§ DATA BLOCK
========================

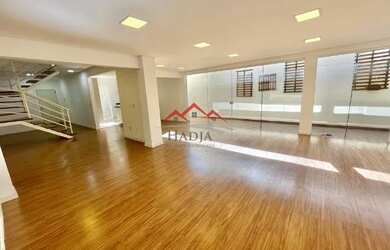 Imagem: A casa em condomínio possui 3 Dormitórios, 4 Banheiros, 3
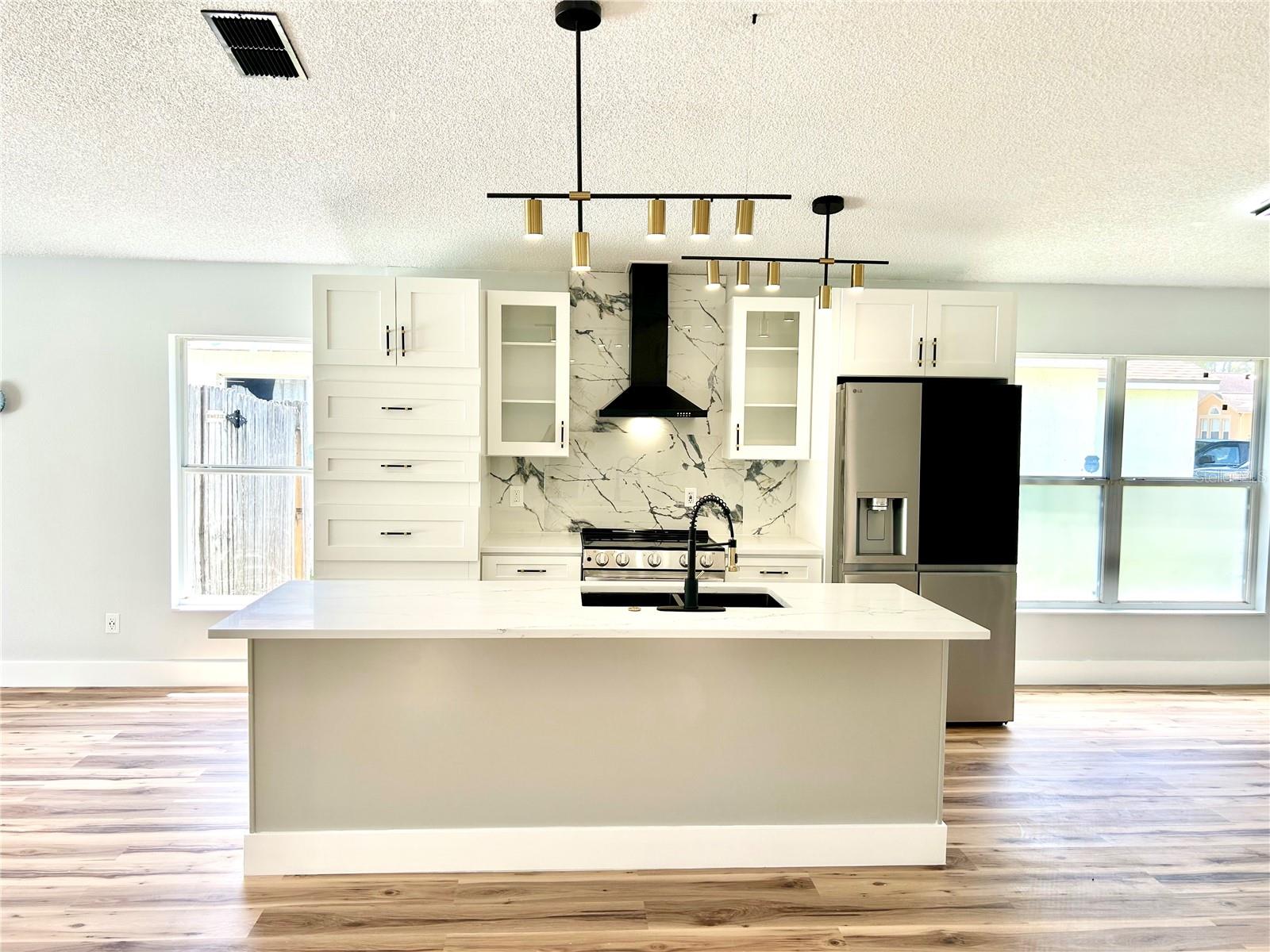 Image 9 of 32 For 154 Woodbury Pines Circle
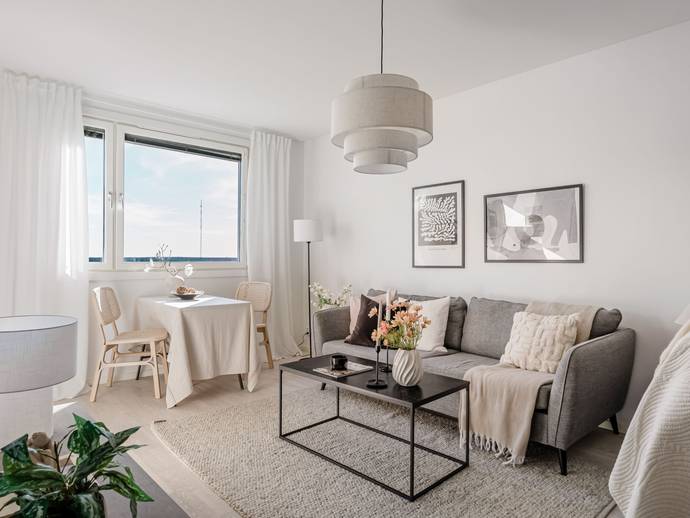1 rok · 28 m² · Edinsvägen 1, vån 9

========================

§ WORK TO BE COMPLETED
Beginning with the line that has "Image 9 of 32 For 154 Woodbury Pines Circle", repeat each remaining line of the data above word for word, keeping pictures out.

§ OUTPUT FOR THIS EXERCISE
 Image 9 of 32 For 154 Woodbury Pines Circle
1 rok · 28 m² · Edinsvägen 1, vån 9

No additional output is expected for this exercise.